NUGUID VS NUGUID
GRN L-2344 17 SCRA 449
JUNE 23, 1966
SANCHEZ, J.:
FACTS:
Rosario Nuguid , single, died in December 30, 1962.She was without descendants but was survived by her parents and siblings. On May 18, 1963, Remedios Nuguid, her sister filed in CFI a holographic will allegedly executed by Rosario on November 17, 1951 or 11 years ago, said will instituted Remedios as the universal heir thereby, compulsory heirs, the ascendants of the decedent, filed their opposition to the probate proceeding. They contend that they were illegally preterited and as a consequence, the institution is void. The court’s order held that “the will in question is a complete nullity.
ISSUE:
Whether or not the compulsory heirs were preterited , thereby rendering the holographic will void.
Whether the court may rule on the intrinsic validity of the will.
RULING:
The statute we are called upon to apply in article 854 of the civil code which states:
“The preterition or omission of one, some or all of the compulsory heirs in the direct time, whether living at the time of the execution of the will or born after the death of the testator, shall annul the institution of heir; but the d and legacies shall be valid insofar as they are not inofficious
The forced heirs, parents of the deceased, were received nothing by the testament. The one-sentence will institutes petitioner as the universal heir. No specific legacies or bequest are therein provided for. It is in this posture that we say that the nullity is complete.
Preterition consists in the omission in the testator’s will of the forced heirs or anyone of them, either because they are not mentioned therein or, though mentioned, they are neither instituted as heirs nor are expressly disinherited as heirs nor are expressly disinherited. Disinheritance is a testamentary disposition depriving any compulsory heir his/her share in the legitime for a cause authorized by law.

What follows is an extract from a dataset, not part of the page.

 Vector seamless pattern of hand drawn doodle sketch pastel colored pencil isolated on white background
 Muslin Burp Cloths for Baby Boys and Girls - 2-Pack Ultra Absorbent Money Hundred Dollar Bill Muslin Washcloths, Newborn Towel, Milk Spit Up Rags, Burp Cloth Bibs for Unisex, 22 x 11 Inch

On the second issue, the case is for the probate of the will and the court’s area of inquiry is limited to the extrinsic validity of the will comes after the will has been duly authenticated. However if the case is to be remanded for probate of the will, nothing will be gained. The practical conditions: time, effort, expenses and added anxiety, induced us to a belief that we might as well meat head-on the issue of the validity of the provisions of the will in question.
DE PAPA ET AL VS CAMACHO
GRN L-28032
SEPTEMBER 24, 1986
NARVASA, J.:
FACTS:
Plaintiffs and respondents of this case are legitimate relatives, plaintiffs being aunt and uncles of the respondent. Camacho inherited her property from her mother
ISSUE:
Whether or not uncles and aunts, together with niece who survived the reservista would be considered reservatorios.
RULING:
The court ruled that the uncles and aunts shall not share in the reserveable property, since, under the law of intestate succession a descendant’s uncles and aunts may not succeed ab intestate so long as nephews and nieces of the decedent survive and are willing and qualified to inherit. The rule on proximity applies. (The relatives in the direct ascending shall exclude relatives in the collateral line.)
MANG-OY VS CA
G.R. 144 SCRA 35
SEPTEMBER 12, 1986
CRUZ, J.:
FACTS:
Old Tumpao begot 3 children (respondents) with his first wife. Upon her death, he took himself a second wife but without issues. However she had adopted 2 children according to the practice of Igorots. On September 4, 1937, Old Tumpao executed what he called “last will and testament which were read to and thumb mark affixed by all of the beneficiaries who at the time were already occupying the portions respectively allotted to them. After the death of Old Tumpao, the parties remained to be in possession of the lots assign to them which was in accordance of the wishes of old Tumpao which was also agreed upon by the parties in a public document.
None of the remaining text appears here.